Uroczystości związane z setną rocznicą urodzin założycielki Misjonarek Miłości odbyły
się w waszyngtońskiej Bazylice Niepokalanego Poczęcia. Wziął w nich udział nuncjusz
apostolski w USA abp Pietro Sambi. Uhonorowanie Matki Teresy znaczkiem pocztowym ma
uwiecznić jej pamięć u Amerykanów – powiedział naczelny dyrektor poczty. Dodał też,
że Amerykanie darzą ją niesłabnącym szacunkiem i miłością za głęboką wiarę w nadprzyrodzoną
godność życia ludzkiego i niestrudzoną pracę na rzecz ubogich.
Znaczek z uśmiechniętą
błogosławioną z Kalkuty, wydany w nakładzie 60 mln egzemplarzy, zaniepokoił jedną
z organizacji ateistycznych, która przypomniała poczcie, że nie powinno się promować
postaci związanych z religią. Poczta amerykańska w wydanym oświadczeniu podkreśla,
że nie można pozbawiać osobistości publicznych ich życia religijnego. Znaczek ze znaną
katoliczką ma również służyć celom edukacyjnym. Ma inspirować Amerykanów i ludzi,
do których dotrze na listach na całym świecie.

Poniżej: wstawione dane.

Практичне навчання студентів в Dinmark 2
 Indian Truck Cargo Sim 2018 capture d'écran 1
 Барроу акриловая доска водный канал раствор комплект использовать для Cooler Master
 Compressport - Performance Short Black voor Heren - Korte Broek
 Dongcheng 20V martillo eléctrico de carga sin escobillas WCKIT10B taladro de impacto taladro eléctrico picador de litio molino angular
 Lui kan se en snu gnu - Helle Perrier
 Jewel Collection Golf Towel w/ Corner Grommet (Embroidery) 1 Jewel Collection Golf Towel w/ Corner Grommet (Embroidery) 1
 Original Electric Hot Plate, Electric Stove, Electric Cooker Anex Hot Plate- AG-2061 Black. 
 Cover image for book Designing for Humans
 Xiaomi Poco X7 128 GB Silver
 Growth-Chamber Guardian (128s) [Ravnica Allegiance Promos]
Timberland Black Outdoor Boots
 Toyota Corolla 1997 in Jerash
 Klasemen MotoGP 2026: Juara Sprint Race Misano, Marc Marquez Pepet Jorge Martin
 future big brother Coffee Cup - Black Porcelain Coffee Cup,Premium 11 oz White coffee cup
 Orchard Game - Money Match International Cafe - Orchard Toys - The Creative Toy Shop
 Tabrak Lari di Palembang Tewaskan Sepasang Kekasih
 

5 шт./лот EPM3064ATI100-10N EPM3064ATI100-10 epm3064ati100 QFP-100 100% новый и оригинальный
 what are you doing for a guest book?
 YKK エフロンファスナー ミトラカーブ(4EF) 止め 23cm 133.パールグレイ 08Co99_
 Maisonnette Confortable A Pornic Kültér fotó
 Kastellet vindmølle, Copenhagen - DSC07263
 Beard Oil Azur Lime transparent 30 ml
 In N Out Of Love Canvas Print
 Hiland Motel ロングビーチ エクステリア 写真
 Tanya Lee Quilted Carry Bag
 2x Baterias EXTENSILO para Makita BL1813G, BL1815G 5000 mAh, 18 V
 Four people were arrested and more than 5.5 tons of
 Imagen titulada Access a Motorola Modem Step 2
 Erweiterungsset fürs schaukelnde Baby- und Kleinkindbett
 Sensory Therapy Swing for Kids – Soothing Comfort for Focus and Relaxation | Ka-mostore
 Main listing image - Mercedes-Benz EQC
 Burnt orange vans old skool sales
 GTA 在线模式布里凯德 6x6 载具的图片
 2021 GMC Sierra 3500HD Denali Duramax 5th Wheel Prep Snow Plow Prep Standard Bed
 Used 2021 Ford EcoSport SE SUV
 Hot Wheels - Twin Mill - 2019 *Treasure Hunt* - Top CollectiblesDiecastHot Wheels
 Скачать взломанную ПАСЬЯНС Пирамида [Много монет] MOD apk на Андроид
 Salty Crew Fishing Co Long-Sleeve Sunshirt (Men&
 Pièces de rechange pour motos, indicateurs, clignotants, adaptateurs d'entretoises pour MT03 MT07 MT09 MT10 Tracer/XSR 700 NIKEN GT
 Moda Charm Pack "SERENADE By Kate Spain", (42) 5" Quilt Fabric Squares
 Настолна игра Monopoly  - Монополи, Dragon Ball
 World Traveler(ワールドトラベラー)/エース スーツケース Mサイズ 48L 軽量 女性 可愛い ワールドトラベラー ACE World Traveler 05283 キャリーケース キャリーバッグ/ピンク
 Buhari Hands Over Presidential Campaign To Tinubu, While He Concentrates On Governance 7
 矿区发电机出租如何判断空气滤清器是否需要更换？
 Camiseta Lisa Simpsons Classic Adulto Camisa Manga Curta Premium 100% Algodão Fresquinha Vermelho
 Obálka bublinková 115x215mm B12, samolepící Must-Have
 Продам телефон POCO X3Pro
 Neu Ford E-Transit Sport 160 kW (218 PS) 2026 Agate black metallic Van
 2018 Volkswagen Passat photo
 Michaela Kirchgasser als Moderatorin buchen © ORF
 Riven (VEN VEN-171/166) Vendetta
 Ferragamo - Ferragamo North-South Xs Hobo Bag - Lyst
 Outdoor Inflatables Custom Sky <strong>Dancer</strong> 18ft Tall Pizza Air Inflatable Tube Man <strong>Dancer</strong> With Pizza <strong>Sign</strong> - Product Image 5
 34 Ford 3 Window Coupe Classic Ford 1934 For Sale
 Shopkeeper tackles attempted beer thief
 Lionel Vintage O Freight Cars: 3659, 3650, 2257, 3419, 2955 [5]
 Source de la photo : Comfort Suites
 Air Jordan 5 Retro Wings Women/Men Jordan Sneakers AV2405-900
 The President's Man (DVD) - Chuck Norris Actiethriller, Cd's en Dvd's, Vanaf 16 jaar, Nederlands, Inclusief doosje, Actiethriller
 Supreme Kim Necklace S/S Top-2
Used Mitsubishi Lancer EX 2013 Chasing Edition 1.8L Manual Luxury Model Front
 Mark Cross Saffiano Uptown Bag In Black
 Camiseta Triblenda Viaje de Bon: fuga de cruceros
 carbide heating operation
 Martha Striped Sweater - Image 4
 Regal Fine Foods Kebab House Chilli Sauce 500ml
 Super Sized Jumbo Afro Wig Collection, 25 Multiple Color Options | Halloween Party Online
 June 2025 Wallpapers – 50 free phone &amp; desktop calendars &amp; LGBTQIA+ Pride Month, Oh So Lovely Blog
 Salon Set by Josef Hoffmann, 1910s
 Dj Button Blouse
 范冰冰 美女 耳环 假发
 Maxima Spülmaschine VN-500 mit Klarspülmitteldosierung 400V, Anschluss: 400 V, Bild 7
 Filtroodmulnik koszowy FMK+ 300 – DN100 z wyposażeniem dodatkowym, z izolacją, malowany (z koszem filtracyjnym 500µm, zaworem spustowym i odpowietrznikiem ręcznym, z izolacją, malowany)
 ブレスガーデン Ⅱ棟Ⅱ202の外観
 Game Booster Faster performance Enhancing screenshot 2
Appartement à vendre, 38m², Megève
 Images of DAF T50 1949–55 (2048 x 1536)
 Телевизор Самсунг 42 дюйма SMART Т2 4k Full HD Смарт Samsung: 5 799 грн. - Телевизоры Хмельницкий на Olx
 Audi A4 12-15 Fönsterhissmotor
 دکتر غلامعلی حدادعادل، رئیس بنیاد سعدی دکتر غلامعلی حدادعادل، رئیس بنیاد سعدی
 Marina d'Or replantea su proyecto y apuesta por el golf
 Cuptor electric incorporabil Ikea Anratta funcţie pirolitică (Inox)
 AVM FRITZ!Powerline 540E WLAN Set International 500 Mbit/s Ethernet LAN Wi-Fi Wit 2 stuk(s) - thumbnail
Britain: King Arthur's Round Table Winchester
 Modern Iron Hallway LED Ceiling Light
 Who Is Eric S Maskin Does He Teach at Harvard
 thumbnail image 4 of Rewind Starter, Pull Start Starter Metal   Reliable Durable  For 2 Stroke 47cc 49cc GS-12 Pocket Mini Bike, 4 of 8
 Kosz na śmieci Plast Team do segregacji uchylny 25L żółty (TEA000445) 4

Władze poczty przypominają też o znaczku
z Janem Pawłem II. Co roku władze pocztowe w USA otrzymują 50 tys. próśb o wydanie
znaczka okolicznościowego, niemniej do obrotu trafia rocznie jedynie 20 znaczków.
O tematyce decyduje 20 osobowa rada poczty federalnej, która zatwierdza plan wydawniczy
na dany rok.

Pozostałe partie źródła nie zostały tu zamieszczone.